- [Dataset excerpts]:

***

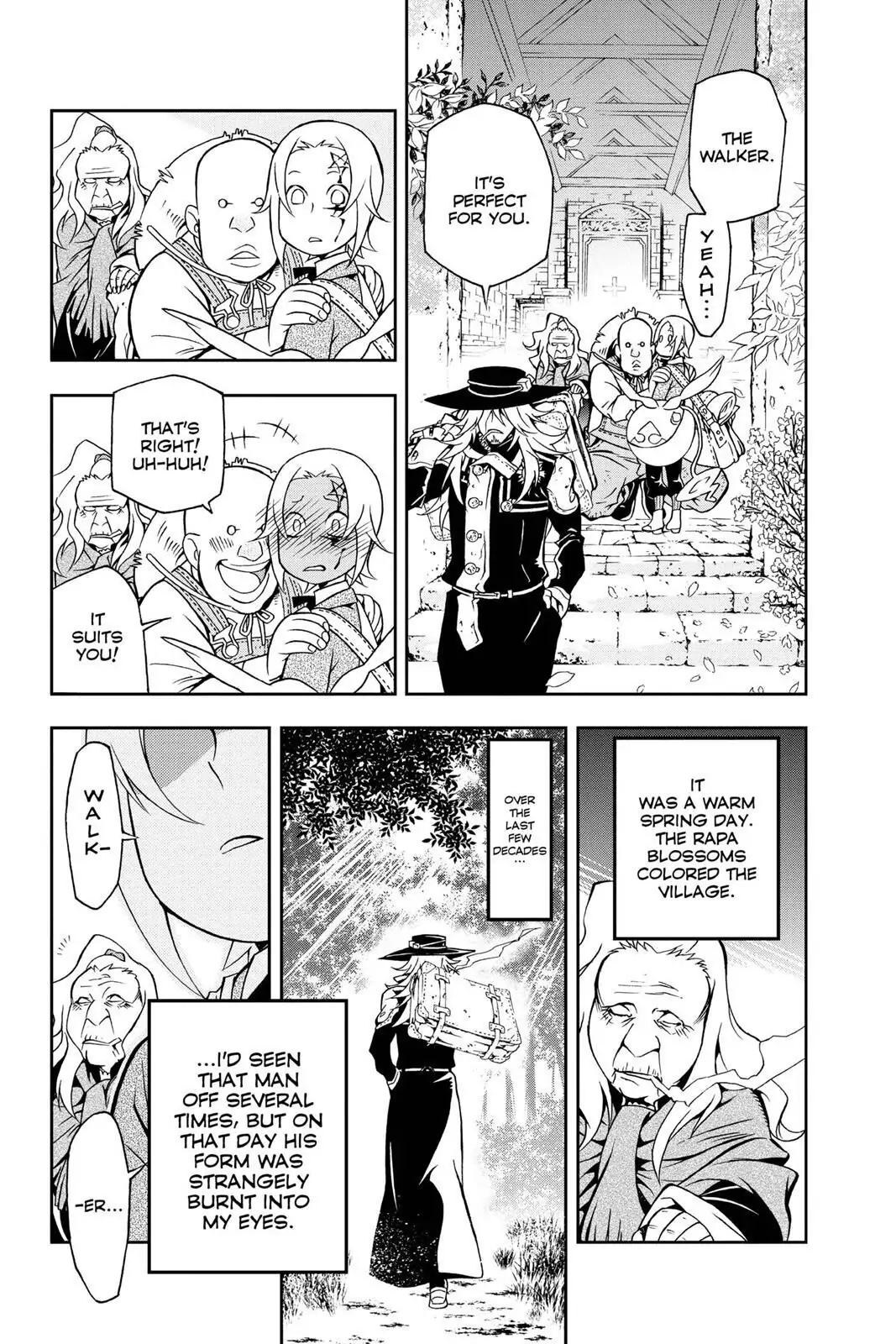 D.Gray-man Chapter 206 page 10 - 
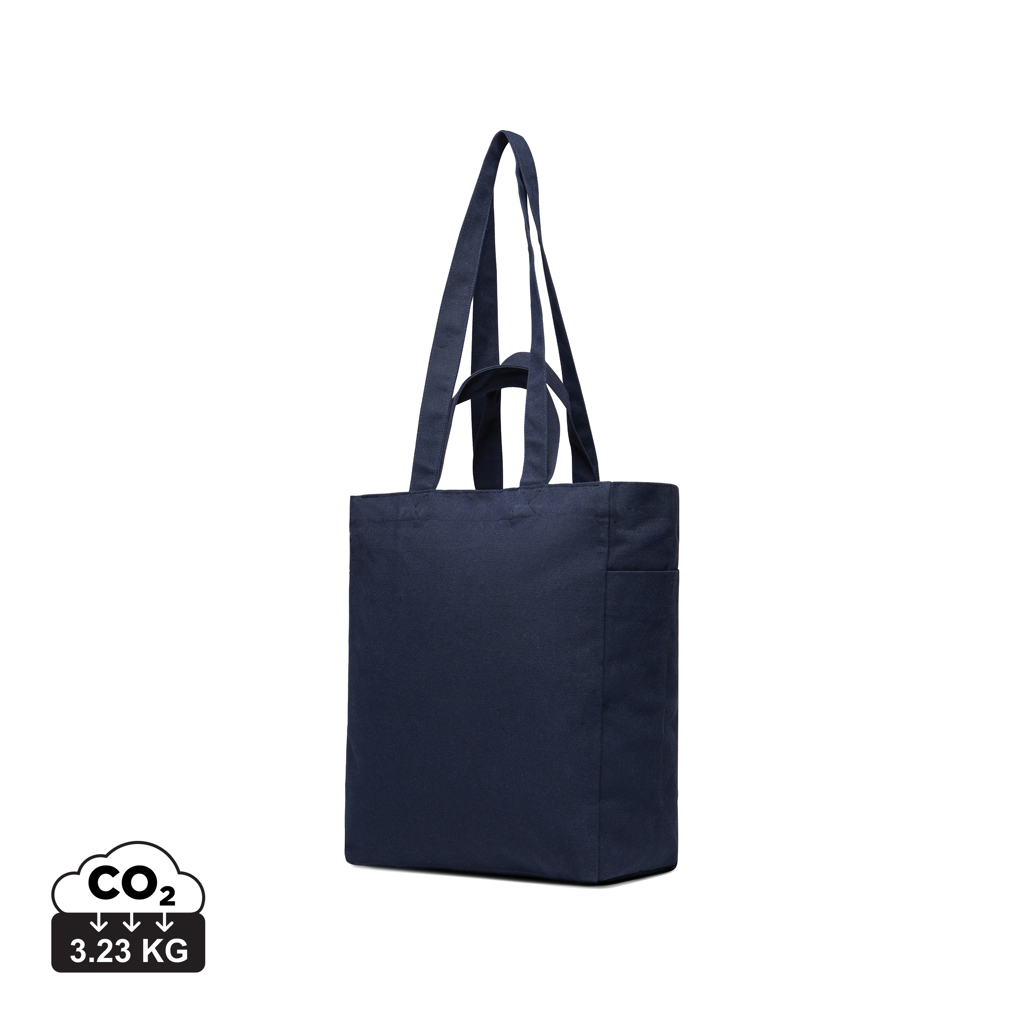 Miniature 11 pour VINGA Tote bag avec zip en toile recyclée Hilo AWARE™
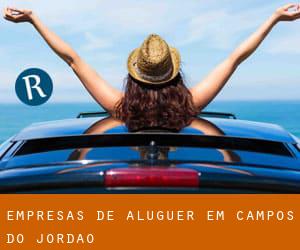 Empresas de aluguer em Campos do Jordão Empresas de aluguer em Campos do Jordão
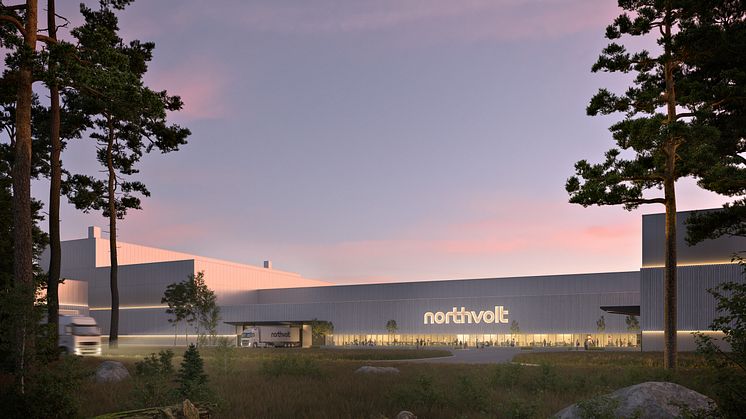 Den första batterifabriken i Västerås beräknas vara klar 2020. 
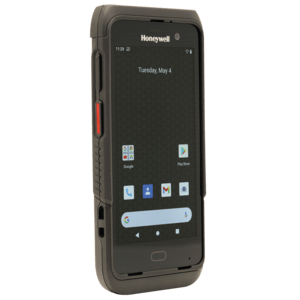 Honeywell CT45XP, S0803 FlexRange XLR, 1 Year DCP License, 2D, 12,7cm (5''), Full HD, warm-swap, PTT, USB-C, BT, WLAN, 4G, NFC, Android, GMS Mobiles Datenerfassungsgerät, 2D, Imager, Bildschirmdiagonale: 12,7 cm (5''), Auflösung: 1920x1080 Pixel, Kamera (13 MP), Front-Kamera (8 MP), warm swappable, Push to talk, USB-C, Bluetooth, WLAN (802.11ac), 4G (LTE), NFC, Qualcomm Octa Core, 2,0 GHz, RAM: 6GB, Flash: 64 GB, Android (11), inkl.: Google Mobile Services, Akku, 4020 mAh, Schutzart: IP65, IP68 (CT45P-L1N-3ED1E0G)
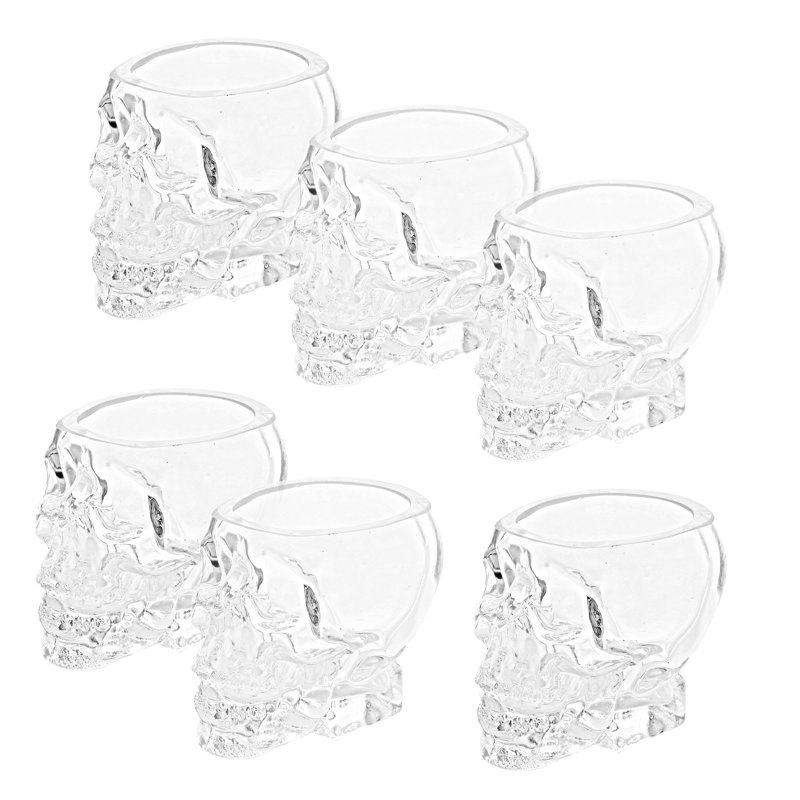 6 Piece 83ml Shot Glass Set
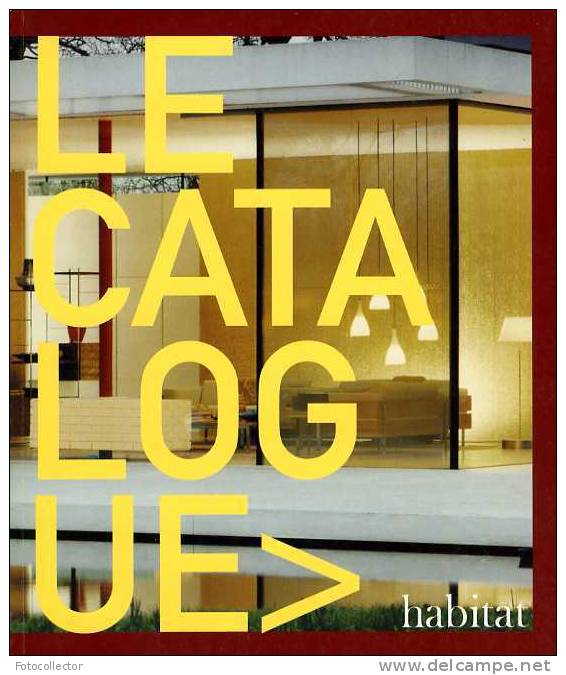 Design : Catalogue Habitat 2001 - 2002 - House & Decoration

***

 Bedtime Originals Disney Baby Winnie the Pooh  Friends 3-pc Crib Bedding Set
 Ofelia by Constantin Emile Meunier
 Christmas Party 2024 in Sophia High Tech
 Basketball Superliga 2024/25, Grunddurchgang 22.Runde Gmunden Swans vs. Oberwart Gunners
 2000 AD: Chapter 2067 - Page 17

***

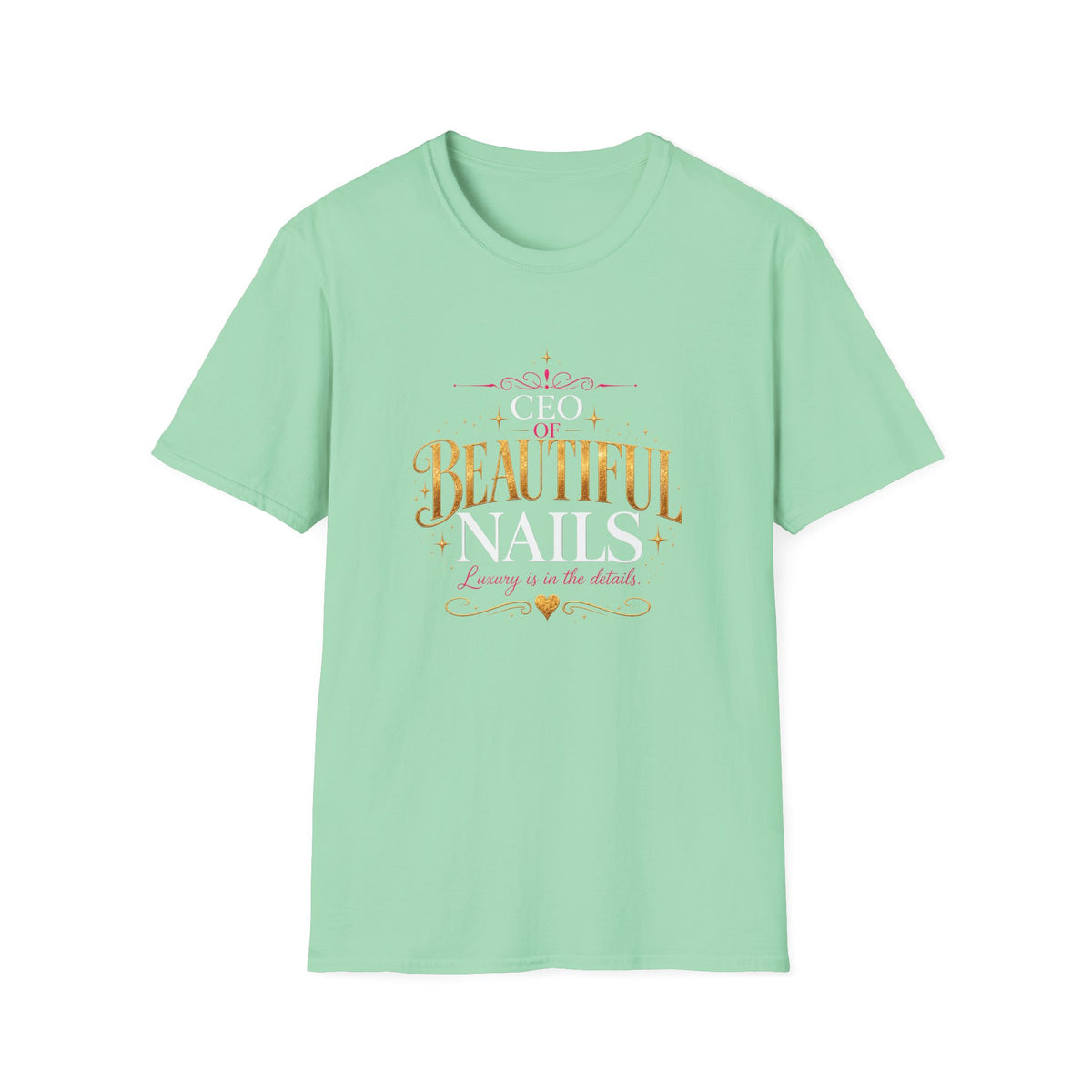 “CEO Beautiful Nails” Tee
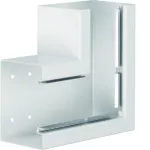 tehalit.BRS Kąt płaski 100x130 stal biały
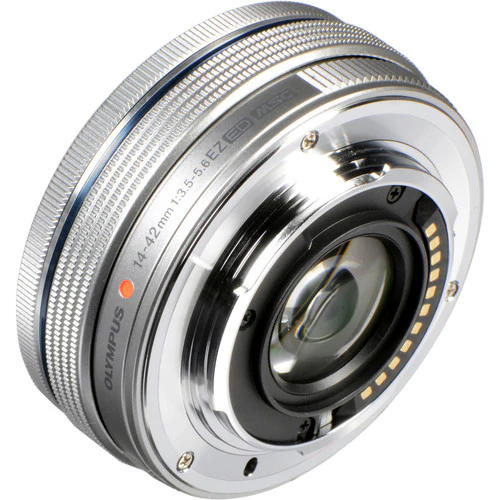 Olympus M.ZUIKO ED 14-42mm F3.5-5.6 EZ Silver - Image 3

***

- [Task goal]:
With the pictures removed from your copy, retype the lines above from the one that contains "Miniature 11 pour" through the one that contains "Den första batterifabriken", exactly.

- [Your solution]:
 Miniature 11 pour VINGA Tote bag avec zip en toile recyclée Hilo AWARE™
 Empresas de aluguer em Campos do Jordão Empresas de aluguer em Campos do Jordão
 Den första batterifabriken i Västerås beräknas vara klar 2020. 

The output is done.